Return offers a glimpse into the life of a hero and her attempt to re-assimilate into society. She has returned to the states to a home complete with a husband and family who have lived a full year without her as she served her country abroad. At first glance, little has changed but her perspective on reality. After seeing the film, however, audiences will leave with a greater understanding of the struggles so many of our heroes endure.

Linda Cardellini is Kelli, the wife of a plumber and mother of two small children. Her recent efforts overseas have grossly affected her ability to communicate, even with trusted confidantes and supportive members of her family. She has the heightened awareness of knowing their interest and concern regarding her recent past. This is compounded by the ethical obligation to protect their sensibilities and the internal obligation among those who live and die by a code of arms.

All of this is increasingly more hazardous and overwhelming as the relationship between Kelli and her husband reaches its breaking point with all of the strain. Michael Shannon is Kelli’s husband, Mike. He, like her friends, is alienated by the sudden introversion exhibited by Kelli and the denial she attempts to pass off as acceptable. It is when she walks out on her job at the factory that the family hits rock bottom. All fingers point to Kelli who must find something stationary on which to focus or plummet her way through the downward spiral which grows closer and more inevitable every day.

Writer and director Liza Johnson drew from the experience of a friend to develop an adaptation relevant to the masses fortunate enough to be removed from actual military policy, let alone being “on the ground”. Her portrait of a fighter goes beyond sex and obligation and draws attention to circumstance. After protecting the well-being of her fellow comrades amid the ravages of war, Kelli’s transition to the once fulfilling role of partner and homemaker has somehow become pale.

Kelli’s story begins with her family’s arrival as she exits the bus at the depot. She has traveled the last leg of the long journey home through the myriad of small towns on the road to her piece of America. Wood frame houses line the street of this authentic portrait of the great Midwest. Return is a tribute to the backbone of our nation’s people.
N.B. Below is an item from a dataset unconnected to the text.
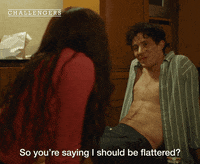 Movie gif from "Challengers." Tashi Donaldson and Patrick Zweig sit on the floor, his shirt is unbuttoned. Caption reads, "So you're saying I should be flattered?"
In a way, the film celebrates blue collar traditions and the humble ethics of hardworking people honor the spirit of resurrection that propels the best in each of us to achieve. In hometowns across the land, these citizens represent the support networks of many returning veterans and their sincerity is often taken for granted. Like so many others, extreme conditions have altered Kelli’s comprehension of community.

Return is a reminder to every American that those who have risked their lives at gunpoint (and in many cases, much worse) have a major task in allowing themselves to fit into our daily lives upon leave from active duty. There is an adjustment that must be acknowledged. There is a simplicity to life that remains nearly constant, specifically when compared to the bevy of changes one must endure when going off to war. This film succeeds in making audiences recognize the depths of just how alienated a veteran can feel.